Anurak Community Lodge, Surat Thani province, Thailand
Inspired and awed by the setting, our aim at Anurak Community Lodge since opening in 2016 has been to create a low impact ecolodge operating on the principles of conservation and sustainability. (The name "Anurak" in Thai translates as "conserve".) Our goal is to lead by example and not just respect the physical environment around us, but to honor local culture and contribute to the rural community in this remote area of Surat Thani province.
Indeed, many of the principles that have guided us in our modest but successful Anurak ecoadventure to date are transferrable and will hopefully motivate readers to implement changes in their own hotel operations – no matter the size of their hotel or its location.
Furthermore, being environmentally sustainable is increasingly good marketing, especially for an ecolodge in Southeast Asia.
Our guests at Anurak come for peace, nature, relaxation.
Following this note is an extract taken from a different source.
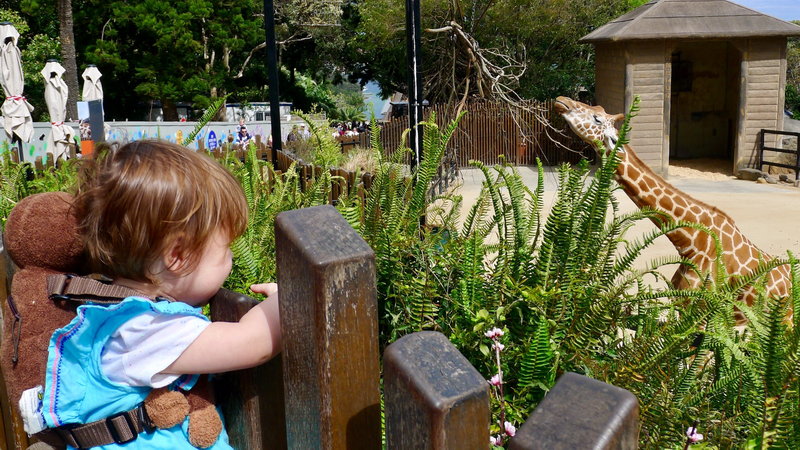 Taronga Zoo-Willow Stormvale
They expect us to be responsible green operators. Our guests are typically educated, middle class Europeans, North Americans, expats in Asia, and millennial adventure seekers from large Asian cities. They seek an immersive nature experience as an antidote to urban life. They skew towards a younger age group due to the adventure activities available. Nevertheless, our older guests also enjoy simpler hikes and admire the stunning views of the forest-clad karst mountain landscape from the lodge's Hornbill restaurant.
Today, as you walk into Anurak Community Lodge it is a bit like walking into a small unkempt botanical garden. It is not for lack of care that the gardens have a slightly wild look about them. It is all part of Anurak's "Rainforest Rising" reforestation program. Within our lodge's total area of 23,000 square meters, we are in the process of returning about 1000 square meters of palm oil plantation back into indigenous vegetation cover. Our ultimate aim is to make the entire former commercial plantation indistinguishable from native forest in adjacent Khao Sok National Park itself.
In the last few decades palm oil, used as a biofuel and in food products, has become a major sector of Thailand's agricultural economy. However, palm oil trees consume large amounts of water, need vast amounts of chemical fertilizer which ends up in streams and causes harm to a healthy eco system. Palm oil plantations, like rubber tree ones, are sterile mono-cultures. Birds, insects and mammals prefer a diversity of species for a variety of fruit, leaves and habitat.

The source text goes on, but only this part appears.